Sunday, July 04, 2004

One Fat Englishman (2004)

By Kingsley Amis
The fat Pom of the title is possibly the most convincingly odious and repugnant character ever written. It is not even possible to enjoy disliking him, as with so many other nasty literary characters. He’s fat, he sweats a lot, he lusts after married women a lot, he has an anger management issue, he likes to play at emotional blackmail, he has a British superiority complex, he doesn’t seem to even really like women, except for a bit of recreational activity - he’s just generally foul.

This book is all about his attempts to get it on with Helene, the wife of an associate of his. Roger Micheldene (the said fat Pom) is a publisher, and in America on business. While he tries to pressure Helene into having sex with him (eww), he tries it on with a couple of other women he meets for good measure, while having arguments with a young American author called Macher, despising everyone around him (especially Helene’s son, Arthur) and generally behaving like a total asshole.

While the quality of the writing was undoubtedly good, I found it hard to keep reading. I wondered who it was meant to appeal to – other fat Englishmen? It seemed to me that the author also despised Mr Micheldene quite thoroughly, and wondered what made him want to write about such a person. Was he writing about himself in some way, thus purging himself? (Kingsley was a Pom, and I think a bit on the fat side; OK tenuous link I admit). Perhaps he was trying to cure the world of the notion that all fat Englishmen are jolly old fellows. If so, he succeeded. This book is clever, but I found it impossible to enjoy.

Rating: 3 out of 10

Sunday, June 27, 2004

Bluebeard (2004)

By Kurt Vonnegut
I’ve read one other book by Vonnegut, “Slaughterhouse 5”, which would definitely get a spot on my list of 100 best books of all time, so I had high expectations of Bluebeard. I was initially disappointed.

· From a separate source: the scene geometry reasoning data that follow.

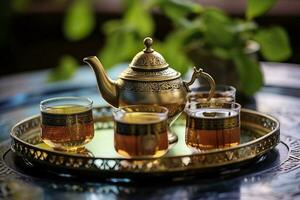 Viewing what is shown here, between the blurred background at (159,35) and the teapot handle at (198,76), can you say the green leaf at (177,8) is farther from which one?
the teapot handle at (198,76)

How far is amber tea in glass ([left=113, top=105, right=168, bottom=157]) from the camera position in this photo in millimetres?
880

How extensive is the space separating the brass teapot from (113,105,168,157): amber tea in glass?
6cm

One of the reasons why, I think, was the style of the writing.

The book is the autobiography/diary of Rabo Karabekian, a (fictional) artist of Armenian origin who became part of the American Abstract Expressionist art movement. (Incidentally all his works were destroyed due to a strange chemical reaction between his paint brand of choice, Sateen Dura-Lux, and the canvas, which resulted in all the paint falling off – one for the conservators out there!). He has been encouraged to write his story by a visitor to his house, Circe Berman, herself an immensely popular author who writes under the name of Polly Madison and who is a very bossy person. Karabekian, not a writer, writes in an unsophisticated way – for example, Rabo uses far too many exclamation marks! And he uses italics way too much! This made the book seem a bit unsophisticated too. Boy, what a snob I am.

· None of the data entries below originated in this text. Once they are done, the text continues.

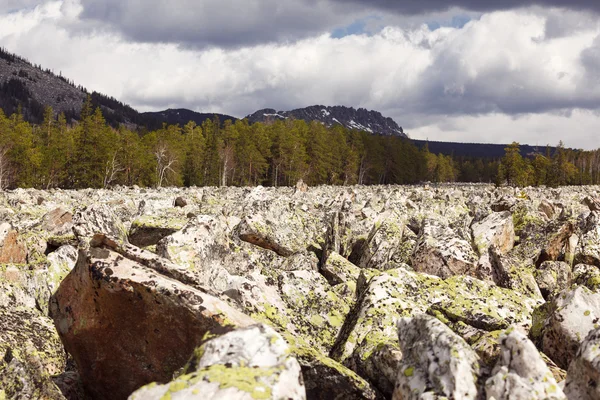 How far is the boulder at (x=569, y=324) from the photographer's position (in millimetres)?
6188

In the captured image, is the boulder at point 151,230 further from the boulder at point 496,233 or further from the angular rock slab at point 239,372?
the angular rock slab at point 239,372

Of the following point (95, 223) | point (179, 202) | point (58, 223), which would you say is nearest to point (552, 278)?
point (95, 223)

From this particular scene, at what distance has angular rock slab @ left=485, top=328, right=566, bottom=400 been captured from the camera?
4328 millimetres

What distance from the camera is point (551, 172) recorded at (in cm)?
13325

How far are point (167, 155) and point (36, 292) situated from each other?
92510 mm

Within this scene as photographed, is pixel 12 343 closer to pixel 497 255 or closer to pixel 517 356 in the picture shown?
pixel 517 356

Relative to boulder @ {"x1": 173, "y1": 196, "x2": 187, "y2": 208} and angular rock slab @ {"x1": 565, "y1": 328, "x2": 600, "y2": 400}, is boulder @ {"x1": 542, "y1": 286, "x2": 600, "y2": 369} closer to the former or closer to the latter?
angular rock slab @ {"x1": 565, "y1": 328, "x2": 600, "y2": 400}

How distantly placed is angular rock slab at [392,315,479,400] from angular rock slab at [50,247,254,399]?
1.98 m

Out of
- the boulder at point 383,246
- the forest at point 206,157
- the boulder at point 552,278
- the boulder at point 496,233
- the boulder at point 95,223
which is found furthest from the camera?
the forest at point 206,157

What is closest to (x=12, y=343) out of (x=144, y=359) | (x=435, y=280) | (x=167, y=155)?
(x=144, y=359)

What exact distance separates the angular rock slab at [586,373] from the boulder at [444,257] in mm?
6414

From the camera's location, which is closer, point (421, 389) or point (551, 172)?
point (421, 389)

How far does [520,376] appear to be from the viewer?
14.9ft

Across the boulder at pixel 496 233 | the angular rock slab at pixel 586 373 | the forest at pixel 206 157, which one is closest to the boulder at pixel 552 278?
the boulder at pixel 496 233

By the end of the book, though, I was convinced it was very clever of Vonnegut to do this, because it helps draw the character of Karabekian so well – he’s just a guy trying to live his life, and who doesn’t have too many tickets on himself (not anymore, anyway). We learn of Karabekian’s early apprenticeship to a painter (Dan Gregory, a fairly nasty piece of work), his time in World War II (where he lost an eye) and his subsequent marriages, all the while on a kind of quest to become a painter with passion – a lack of passion being his essential problem in life; as an art teacher once said of him, “why should I teach him the language of painting, since there seems to be absolutely nothing which he is desperate to talk about?”

Though Bluebeard does not reach the heights of Slaughterhouse 5, it was in the end an immensely satisfying book. Vonnegut has a unique ability to show how unbearable life all is, without making it unbearable, if you know what I mean.